Luckily, there are a number of healthier cookware options.

Stainless Steel Cookware

Stainless steel is my personal favorite option. I have a great 8-piece set that covers all of my 2-person-household’s needs (in addition to some tempered glass and one porcelain-enameled cast iron piece, which I talk about below). Stainless steel pots and pans brown foods better than most other options, and are very easy to clean.

You can also season stainless steel pots and pans to make them virtually nonstick:

  • Put 2 tablespoons of olive oil and 2 tablespoons of salt into your pan
  • Heat the pan to the point where the oil is almost starting to smoke, and then let it cool
  • Scrub the salt into the pan using a clean cloth or paper towel
  • Wipe the pan out, oil it again, and wipe it out again
  • Do this process when the pan is new and repeat it periodically

As with seasoned cast iron pans, clean the pan by wiping it with a bit of warm water but without soap/detergent. If any food gets stuck to the pan, you may need to scrub it with detergent and redo the seasoning process.

SUGGESTIONS

Cuisinart 77-10 Chef’s Classic Stainless 10-Piece Cookware Set

✪ Cuisinart MCP-12N MultiClad Pro Stainless Steel 12-Piece Cookware Set

Tempered Glass Cookware

I’m sure we all have at least 1 piece of tempered  glass cookware (likely a casserole dish).

This option doesn’t work for stove-top cooking, but it works very well for cooking and baking in the oven. It is also safe to marinate foods in tempered glass cookware, which is convenient. And the best part? You can take it from the oven straight to the fridge for storage when your meal is over! Less dishes to clean = awesome.

SUGGESTIONS

✪ Pyrex 2-Quart Glass Bakeware Dish (I have this and use it to cook veggies all the time)

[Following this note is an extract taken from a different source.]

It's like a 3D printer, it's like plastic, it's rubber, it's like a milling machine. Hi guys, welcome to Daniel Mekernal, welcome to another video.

✪ Pyrex Easy Grab 8-Piece Glass Bakeware and Food Storage Set

Cast-Iron Cookware

The classic cookware can be preheated to temperatures that will brown meat, and can withstand very high temperatures. It is extremely durable and can be seasoned to provide a smooth, stick-resistant surface, and can even be purchased pre-seasoned.

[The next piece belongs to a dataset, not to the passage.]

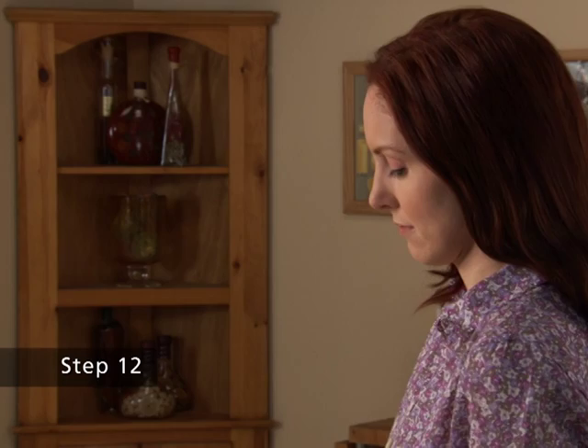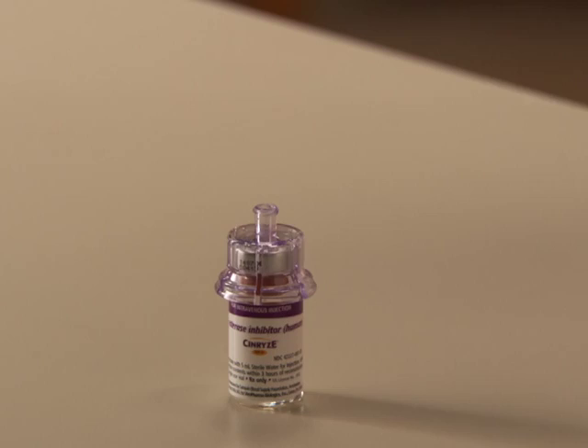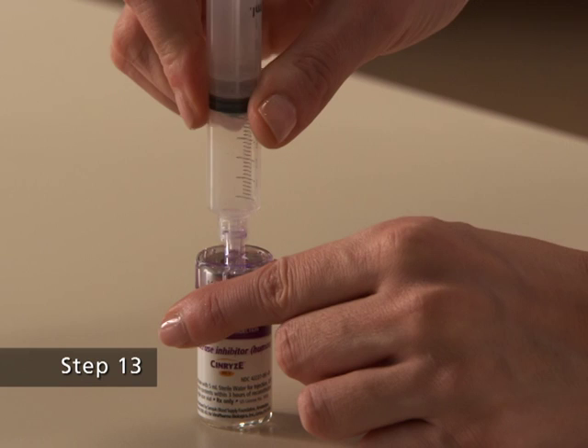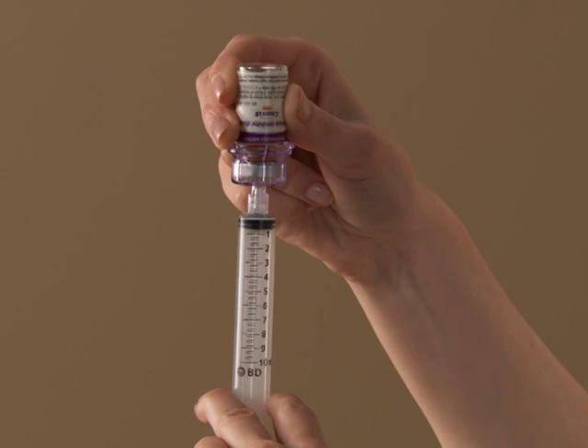Step 12. Utilizing a sterile, disposable, 10 mL syringe, draw back the plunger to allow approximately 5 mL of air into the syringe. Step 13. Attach the syringe onto the clear end of the Mix 2 vial transfer device by turning it clockwise. Step 14. Turn the vial of Synrise upside down and inject the air into the vial.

However, there is some concern regarding the iron leached into food as its being cooked — an excess of dietary iron promotes oxidation and has been proven to promote dangerous oxidation of cholesterol. So it may not be the best option for everyday cooking.

SUGGESTIONS

Lodge LCC3 Pre-Seasoned 3-wuart Cast-Iron Combo Cooker*

✪ Lodge Pre-Seasoned 5-quart Cast-Iron Dutch Oven with Dual Handles*

✪ Lodge Pre-Seasoned 12-inch Cast-Iron Skillet*

*Lodge’s products are extra-special because they’re made in the USA

Porcelain-Enameled Cast Iron Cookware

Generally speaking, porcelain-enameled cast iron cookware yields great cooking results and are very long-lasting, making them well worth the upfront investment (they are a little more pricey).

Most can be used on the stove top, in the oven, and under the broiler, making them very multipurpose (and, again, worth the investment).  Plus, the enamel is impervious to acids, so it can hold raw or cooked foods that are marinating — in other words, less dishes to clean!

Le Creuset is the French darling of the porcelain-enameled cast iron cookware brands. Pricey, but in my personal opinion, 1 piece is all you need: a dutch oven.

SUGGESTIONS

✪ Le Creuset Signature Enameled Cast-Iron 5.5-quart Round Dutch Oven

Have you transitioned to healthier cookware options?